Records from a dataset
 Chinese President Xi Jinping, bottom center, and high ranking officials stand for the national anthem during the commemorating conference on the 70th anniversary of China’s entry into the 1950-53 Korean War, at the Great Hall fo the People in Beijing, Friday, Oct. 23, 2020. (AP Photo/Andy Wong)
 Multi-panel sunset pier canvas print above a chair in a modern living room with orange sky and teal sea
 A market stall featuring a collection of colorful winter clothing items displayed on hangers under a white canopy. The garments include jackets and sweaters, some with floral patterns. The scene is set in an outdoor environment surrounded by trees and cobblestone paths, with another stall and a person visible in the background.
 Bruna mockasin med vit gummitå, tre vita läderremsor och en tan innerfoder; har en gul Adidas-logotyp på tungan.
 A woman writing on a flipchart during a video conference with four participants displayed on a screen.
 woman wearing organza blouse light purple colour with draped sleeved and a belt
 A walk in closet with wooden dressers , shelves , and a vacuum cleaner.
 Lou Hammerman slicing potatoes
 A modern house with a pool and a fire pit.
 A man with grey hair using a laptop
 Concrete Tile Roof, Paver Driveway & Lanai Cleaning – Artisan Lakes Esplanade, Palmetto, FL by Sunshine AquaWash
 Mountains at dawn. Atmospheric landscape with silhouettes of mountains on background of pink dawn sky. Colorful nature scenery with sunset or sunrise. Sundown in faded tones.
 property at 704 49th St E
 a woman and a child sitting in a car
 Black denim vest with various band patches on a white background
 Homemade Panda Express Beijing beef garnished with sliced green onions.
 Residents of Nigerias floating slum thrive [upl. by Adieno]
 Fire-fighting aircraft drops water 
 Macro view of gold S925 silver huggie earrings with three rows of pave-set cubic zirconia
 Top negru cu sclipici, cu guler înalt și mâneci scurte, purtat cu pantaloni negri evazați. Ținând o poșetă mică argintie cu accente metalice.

EXERCISE INSTRUCTIONS:
All lines of the entries containing the string "background" must be shown in full.

RESPONSE BOX:
 A market stall featuring a collection of colorful winter clothing items displayed on hangers under a white canopy. The garments include jackets and sweaters, some with floral patterns. The scene is set in an outdoor environment surrounded by trees and cobblestone paths, with another stall and a person visible in the background.
 Mountains at dawn. Atmospheric landscape with silhouettes of mountains on background of pink dawn sky. Colorful nature scenery with sunset or sunrise. Sundown in faded tones.
 Black denim vest with various band patches on a white background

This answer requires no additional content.